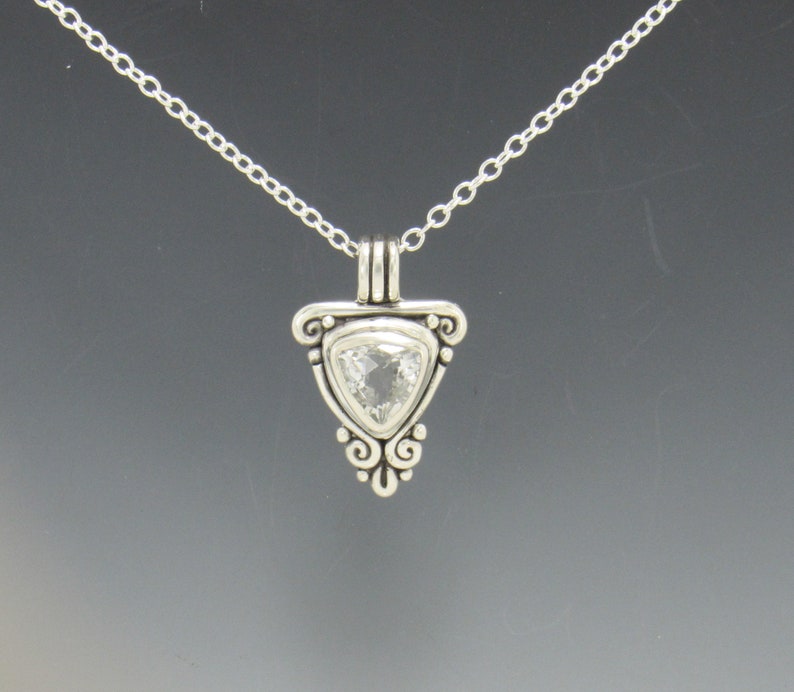 Sterling Silver 10mm Trillion White Topaz Pendant, has 18 Sterling Silver Chain, Handmade One of a Kind Artisan Pendant with Free Shipping image 2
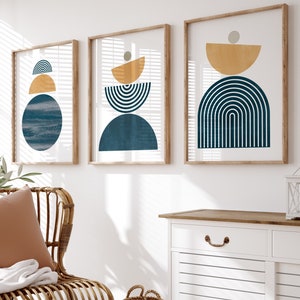 Set of 3 Mid-Century Abstract Wall Art, Minimalist Abstract Art, Minimalist Rainbow Artwork, Abstract Wall Decor, MidCentury Modern Wall Art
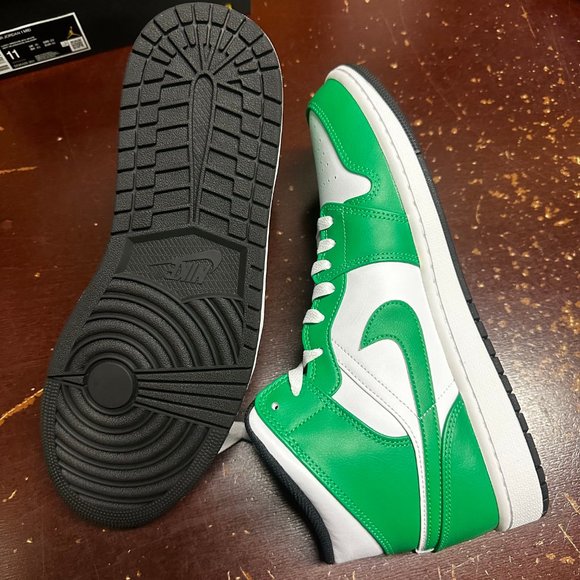 Nike Mens White Green Air Jordan 1 Mid DA8426-301 Basketball Shoes Size US 11 main image 7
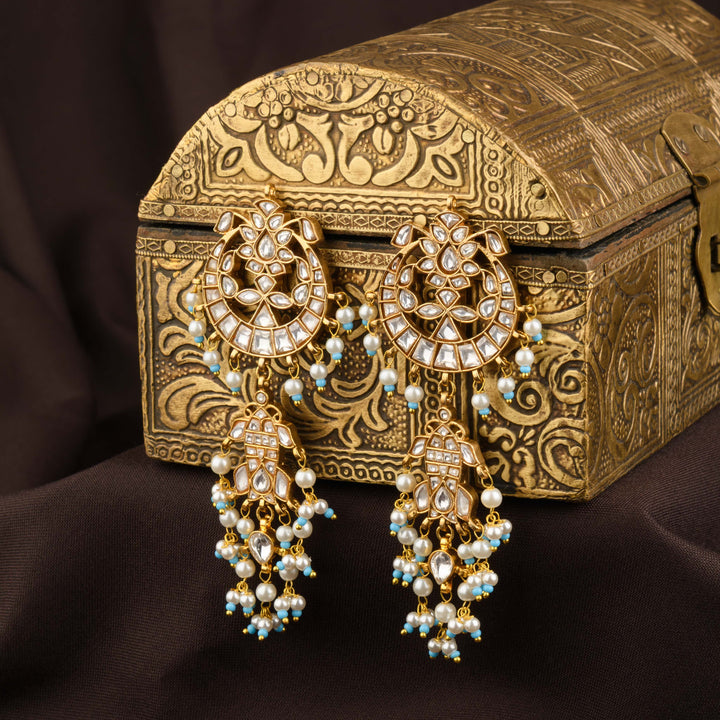 Hania Polki and Pearl Earrings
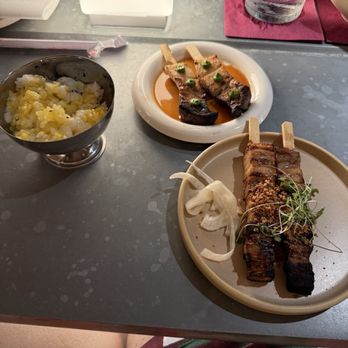 Hakucho - Pork belly and mushroom skewers. Gohan with egg. - Izakaya Near Me - Lakeland, Florida Hakucho - Pork belly and mushroom skewers. Gohan with egg. - Izakaya Near Me - Lakeland, Florida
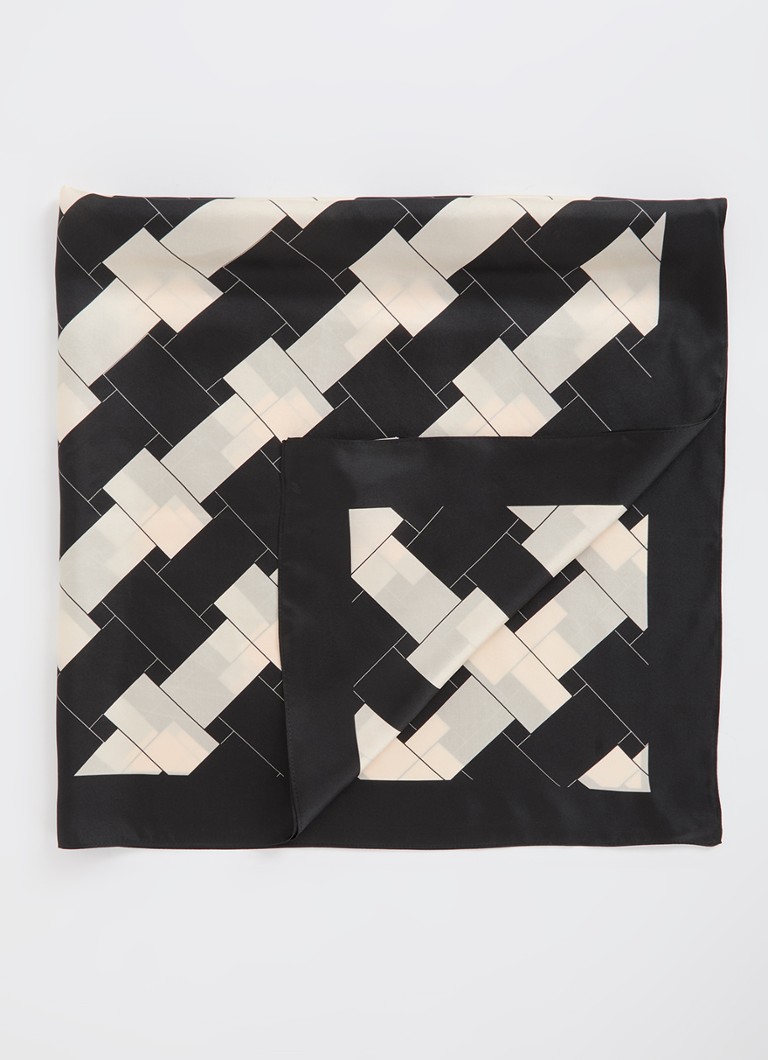 Eșarfă de mătase Kurt Geiger cu imprimeu grafic, 85 x 85 cm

- [Work request]:
From the line containing "Nike Mens White" down to the last line of the records above, repeat every line exactly and nothing else, dropping any pictures.

- [Written response]:
 Nike Mens White Green Air Jordan 1 Mid DA8426-301 Basketball Shoes Size US 11 main image 7
 Hania Polki and Pearl Earrings
 Hakucho - Pork belly and mushroom skewers. Gohan with egg. - Izakaya Near Me - Lakeland, Florida Hakucho - Pork belly and mushroom skewers. Gohan with egg. - Izakaya Near Me - Lakeland, Florida
 Eșarfă de mătase Kurt Geiger cu imprimeu grafic, 85 x 85 cm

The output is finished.